If you already have a node that you want to add to an RKE cluster, you can add it to the cluster by running a Rancher agent container on it.

For more information, refer to the section on RKE clusters.

Launching Kubernetes and Provisioning Nodes in an Infrastructure Provider

Rancher can dynamically provision nodes in infrastructure providers such as Amazon EC2, DigitalOcean, Azure, or vSphere, then install Kubernetes on them.

Using Rancher, you can create pools of nodes based on a node template. This template defines the parameters used to launch nodes in your cloud providers.

One benefit of using nodes hosted by an infrastructure provider is that if a node loses connectivity with the cluster, Rancher can automatically replace it, thus maintaining the expected cluster configuration.

The cloud providers available for creating a node template are decided based on the node drivers active in the Rancher UI.

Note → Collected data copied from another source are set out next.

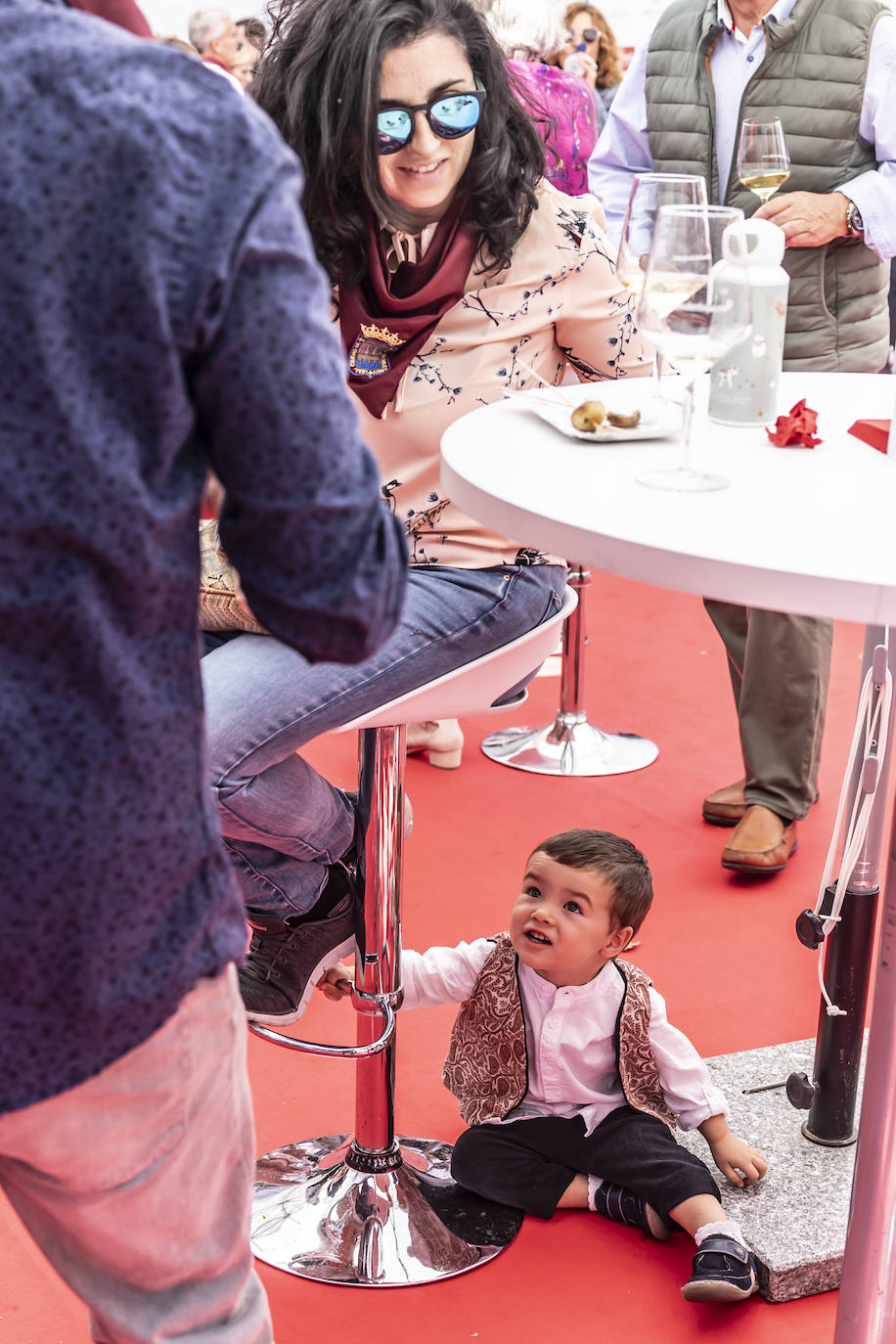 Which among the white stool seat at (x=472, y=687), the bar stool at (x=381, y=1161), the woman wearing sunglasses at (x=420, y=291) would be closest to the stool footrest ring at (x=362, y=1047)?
the bar stool at (x=381, y=1161)

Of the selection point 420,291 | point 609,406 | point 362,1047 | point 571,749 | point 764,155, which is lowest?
point 571,749

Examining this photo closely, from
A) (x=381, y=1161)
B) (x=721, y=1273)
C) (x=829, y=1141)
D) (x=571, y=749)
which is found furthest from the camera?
(x=571, y=749)

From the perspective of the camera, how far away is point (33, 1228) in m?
0.96

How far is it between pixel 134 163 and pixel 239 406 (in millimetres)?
128

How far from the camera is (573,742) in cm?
336

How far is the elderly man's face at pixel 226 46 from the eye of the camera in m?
5.49

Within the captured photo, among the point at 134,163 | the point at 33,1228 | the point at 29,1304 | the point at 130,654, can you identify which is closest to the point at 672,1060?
the point at 29,1304

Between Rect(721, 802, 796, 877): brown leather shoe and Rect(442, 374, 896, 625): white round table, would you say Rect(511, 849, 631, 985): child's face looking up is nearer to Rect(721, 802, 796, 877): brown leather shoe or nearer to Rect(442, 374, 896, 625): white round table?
Rect(442, 374, 896, 625): white round table

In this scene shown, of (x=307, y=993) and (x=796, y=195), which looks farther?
(x=796, y=195)

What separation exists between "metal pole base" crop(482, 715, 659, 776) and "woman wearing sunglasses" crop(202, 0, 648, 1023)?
155cm

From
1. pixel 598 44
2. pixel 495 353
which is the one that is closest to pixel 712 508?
pixel 495 353

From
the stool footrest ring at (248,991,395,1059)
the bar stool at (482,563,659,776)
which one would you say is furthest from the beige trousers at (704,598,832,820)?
the stool footrest ring at (248,991,395,1059)

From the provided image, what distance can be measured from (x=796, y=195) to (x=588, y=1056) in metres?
1.72

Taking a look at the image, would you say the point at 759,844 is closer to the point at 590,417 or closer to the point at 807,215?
the point at 807,215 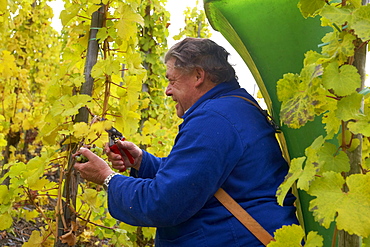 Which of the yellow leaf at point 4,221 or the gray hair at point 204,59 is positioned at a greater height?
the gray hair at point 204,59

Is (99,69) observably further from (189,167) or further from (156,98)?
(156,98)

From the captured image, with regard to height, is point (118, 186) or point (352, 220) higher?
point (352, 220)

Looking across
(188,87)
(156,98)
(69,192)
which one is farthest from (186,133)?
(156,98)

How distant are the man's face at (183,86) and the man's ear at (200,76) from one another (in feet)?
0.03

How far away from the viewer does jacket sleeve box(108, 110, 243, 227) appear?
1.41 metres

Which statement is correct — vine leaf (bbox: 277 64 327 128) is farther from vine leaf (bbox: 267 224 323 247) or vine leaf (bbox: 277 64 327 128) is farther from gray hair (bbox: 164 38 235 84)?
gray hair (bbox: 164 38 235 84)

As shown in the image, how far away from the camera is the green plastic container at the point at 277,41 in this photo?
1458 millimetres

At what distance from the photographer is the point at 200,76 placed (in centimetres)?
188

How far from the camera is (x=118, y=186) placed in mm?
1581

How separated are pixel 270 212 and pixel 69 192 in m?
0.96

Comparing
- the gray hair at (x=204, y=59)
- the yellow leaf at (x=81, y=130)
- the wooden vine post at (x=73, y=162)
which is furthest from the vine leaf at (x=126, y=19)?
the yellow leaf at (x=81, y=130)

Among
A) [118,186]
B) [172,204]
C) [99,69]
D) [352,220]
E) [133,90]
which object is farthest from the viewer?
[133,90]

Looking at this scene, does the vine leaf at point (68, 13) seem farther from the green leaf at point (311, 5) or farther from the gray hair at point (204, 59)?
the green leaf at point (311, 5)

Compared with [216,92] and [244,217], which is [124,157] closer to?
[216,92] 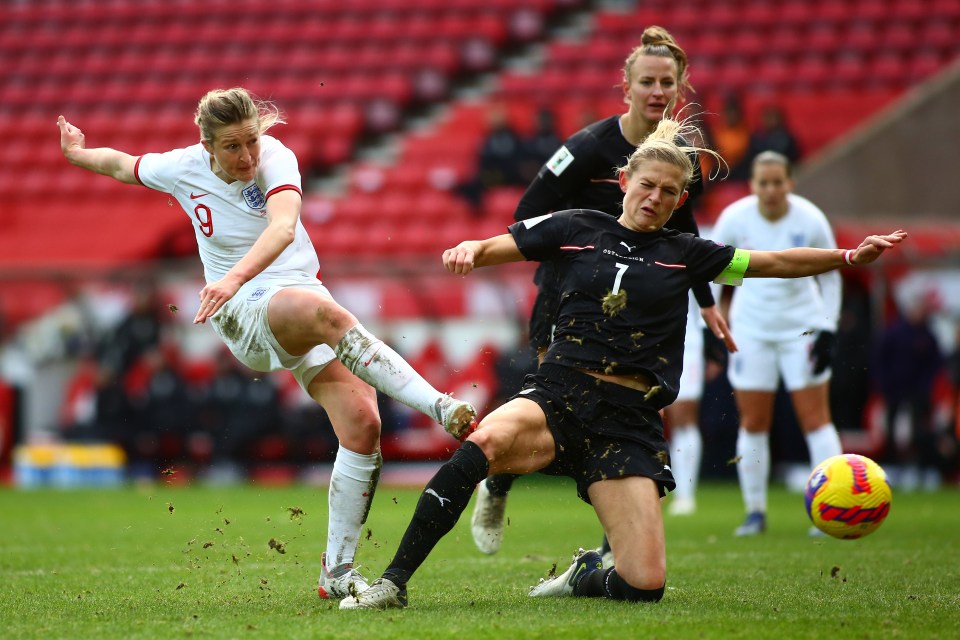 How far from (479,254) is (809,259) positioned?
4.41ft

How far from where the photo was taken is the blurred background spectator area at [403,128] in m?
13.8

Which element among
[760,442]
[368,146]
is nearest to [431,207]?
[368,146]

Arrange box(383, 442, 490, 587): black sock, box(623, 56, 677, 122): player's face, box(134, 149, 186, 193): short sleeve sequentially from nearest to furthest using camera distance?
1. box(383, 442, 490, 587): black sock
2. box(134, 149, 186, 193): short sleeve
3. box(623, 56, 677, 122): player's face

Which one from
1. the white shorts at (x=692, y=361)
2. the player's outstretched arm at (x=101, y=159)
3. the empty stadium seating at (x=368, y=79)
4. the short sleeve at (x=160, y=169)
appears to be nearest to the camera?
the short sleeve at (x=160, y=169)

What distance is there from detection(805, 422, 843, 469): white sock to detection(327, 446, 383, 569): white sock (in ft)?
12.2

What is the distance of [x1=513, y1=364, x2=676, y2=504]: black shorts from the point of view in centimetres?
491

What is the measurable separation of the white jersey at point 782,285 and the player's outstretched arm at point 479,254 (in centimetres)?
344

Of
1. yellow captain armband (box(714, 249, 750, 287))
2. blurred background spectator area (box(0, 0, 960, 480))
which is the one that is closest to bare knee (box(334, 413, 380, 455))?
yellow captain armband (box(714, 249, 750, 287))

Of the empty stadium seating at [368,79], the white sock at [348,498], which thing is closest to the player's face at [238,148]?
the white sock at [348,498]

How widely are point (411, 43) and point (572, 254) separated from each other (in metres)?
Answer: 15.3

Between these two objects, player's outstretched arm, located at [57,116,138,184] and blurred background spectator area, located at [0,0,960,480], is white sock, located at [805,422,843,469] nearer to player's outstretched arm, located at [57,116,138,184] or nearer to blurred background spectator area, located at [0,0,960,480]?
player's outstretched arm, located at [57,116,138,184]

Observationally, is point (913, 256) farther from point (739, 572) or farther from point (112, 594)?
point (112, 594)

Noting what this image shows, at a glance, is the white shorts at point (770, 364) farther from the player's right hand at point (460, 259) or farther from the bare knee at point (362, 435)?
the player's right hand at point (460, 259)

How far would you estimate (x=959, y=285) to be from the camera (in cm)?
1254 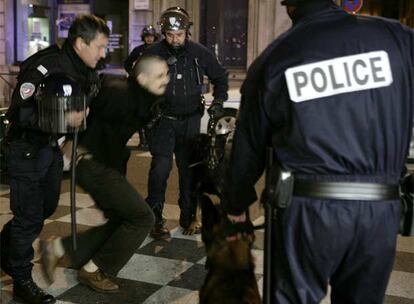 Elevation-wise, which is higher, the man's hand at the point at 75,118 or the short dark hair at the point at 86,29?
the short dark hair at the point at 86,29

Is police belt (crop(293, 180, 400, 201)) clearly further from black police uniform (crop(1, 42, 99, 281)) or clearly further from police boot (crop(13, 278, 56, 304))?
police boot (crop(13, 278, 56, 304))

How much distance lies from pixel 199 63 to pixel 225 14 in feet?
30.4

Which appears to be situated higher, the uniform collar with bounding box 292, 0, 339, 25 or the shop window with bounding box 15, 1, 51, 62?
the shop window with bounding box 15, 1, 51, 62

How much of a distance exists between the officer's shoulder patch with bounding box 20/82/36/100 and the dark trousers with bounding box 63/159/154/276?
54cm

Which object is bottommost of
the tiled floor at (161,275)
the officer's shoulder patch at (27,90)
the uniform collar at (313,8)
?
the tiled floor at (161,275)

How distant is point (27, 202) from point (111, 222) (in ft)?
1.96

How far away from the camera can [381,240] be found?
2.44 m

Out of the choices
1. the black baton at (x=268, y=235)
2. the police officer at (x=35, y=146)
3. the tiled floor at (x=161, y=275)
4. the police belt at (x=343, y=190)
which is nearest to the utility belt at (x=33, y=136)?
the police officer at (x=35, y=146)

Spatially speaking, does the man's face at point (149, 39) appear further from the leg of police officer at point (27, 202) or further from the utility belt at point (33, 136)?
Answer: the utility belt at point (33, 136)

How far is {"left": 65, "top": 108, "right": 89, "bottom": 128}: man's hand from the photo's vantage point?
3.49m

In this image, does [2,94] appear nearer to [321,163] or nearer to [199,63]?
[199,63]

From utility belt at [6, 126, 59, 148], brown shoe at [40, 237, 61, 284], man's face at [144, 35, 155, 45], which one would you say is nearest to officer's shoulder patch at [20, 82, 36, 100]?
utility belt at [6, 126, 59, 148]

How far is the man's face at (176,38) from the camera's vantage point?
5391mm

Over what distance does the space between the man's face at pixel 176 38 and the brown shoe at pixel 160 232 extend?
1.49 m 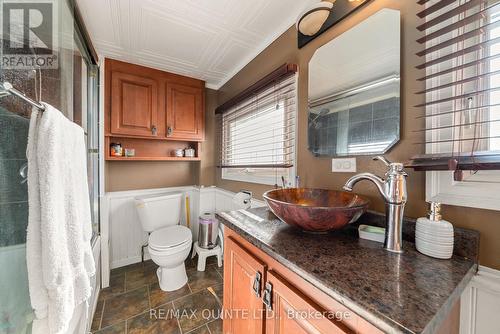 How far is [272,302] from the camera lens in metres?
0.65

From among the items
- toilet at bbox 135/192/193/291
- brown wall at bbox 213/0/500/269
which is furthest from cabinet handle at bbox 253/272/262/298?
toilet at bbox 135/192/193/291

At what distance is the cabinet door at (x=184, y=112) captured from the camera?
2.08 meters

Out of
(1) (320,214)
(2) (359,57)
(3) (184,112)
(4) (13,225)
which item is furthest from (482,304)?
(3) (184,112)

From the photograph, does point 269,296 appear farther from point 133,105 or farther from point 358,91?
point 133,105

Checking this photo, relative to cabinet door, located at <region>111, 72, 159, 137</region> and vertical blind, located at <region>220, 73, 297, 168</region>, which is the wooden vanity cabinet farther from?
cabinet door, located at <region>111, 72, 159, 137</region>

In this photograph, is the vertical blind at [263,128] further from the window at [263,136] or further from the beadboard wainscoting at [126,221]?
the beadboard wainscoting at [126,221]

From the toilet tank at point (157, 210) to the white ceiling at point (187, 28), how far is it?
54.2 inches

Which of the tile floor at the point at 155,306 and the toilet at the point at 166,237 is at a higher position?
the toilet at the point at 166,237

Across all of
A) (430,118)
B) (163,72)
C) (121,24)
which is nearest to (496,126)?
(430,118)

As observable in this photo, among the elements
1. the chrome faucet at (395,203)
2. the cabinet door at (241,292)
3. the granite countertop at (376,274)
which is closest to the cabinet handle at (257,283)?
the cabinet door at (241,292)

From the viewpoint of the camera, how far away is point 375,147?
0.83 metres

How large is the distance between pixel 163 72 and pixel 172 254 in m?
1.83

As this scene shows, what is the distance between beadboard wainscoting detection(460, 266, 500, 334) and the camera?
0.55 m

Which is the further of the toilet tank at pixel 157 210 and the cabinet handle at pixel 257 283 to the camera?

For more information, refer to the section on nodes hosted by an infrastructure provider

Launching Kubernetes on Existing Custom Nodes

When setting up this type of cluster, Rancher installs Kubernetes on existing custom nodes, which creates a custom cluster.

You can bring any nodes you want to Rancher and use them to create a cluster.

These nodes include on-prem bare metal servers, cloud-hosted virtual machines, or on-prem virtual machines.

Importing Existing Clusters

Available from Rancher v2.0.x-v2.4.x

In this type of cluster, Rancher connects to a Kubernetes cluster that has already been set up. Therefore, Rancher does not provision Kubernetes, but only sets up the Rancher agents to communicate with the cluster.

Note that Rancher does not automate the provisioning, scaling, or upgrade of imported clusters. Other Rancher features, including management of cluster, role-based access control, policy, and workloads, are available for imported clusters.

For all imported Kubernetes clusters except for K3s clusters, the configuration of an imported cluster still has to be edited outside of Rancher. Some examples of editing the cluster include adding and removing nodes, upgrading the Kubernetes version, and changing Kubernetes component parameters.

In Rancher v2.4, it became possible to import a K3s cluster and upgrade Kubernetes by editing the cluster in the Rancher UI.

For more information, refer to the section on importing existing clusters.

Importing and Editing K3s Clusters

Available as of Rancher v2.4.0

K3s is a lightweight, fully compliant Kubernetes distribution. K3s Kubernetes clusters can now be imported into Rancher.

When a K3s cluster is imported, Rancher will recognize it as K3s, and the Rancher UI will expose the following features in addition to the functionality for other imported clusters:

  • The ability to upgrade the K3s version
  • The ability to see a read-only version of the K3s cluster's configuration arguments and environment variables used to launch each node in the cluster.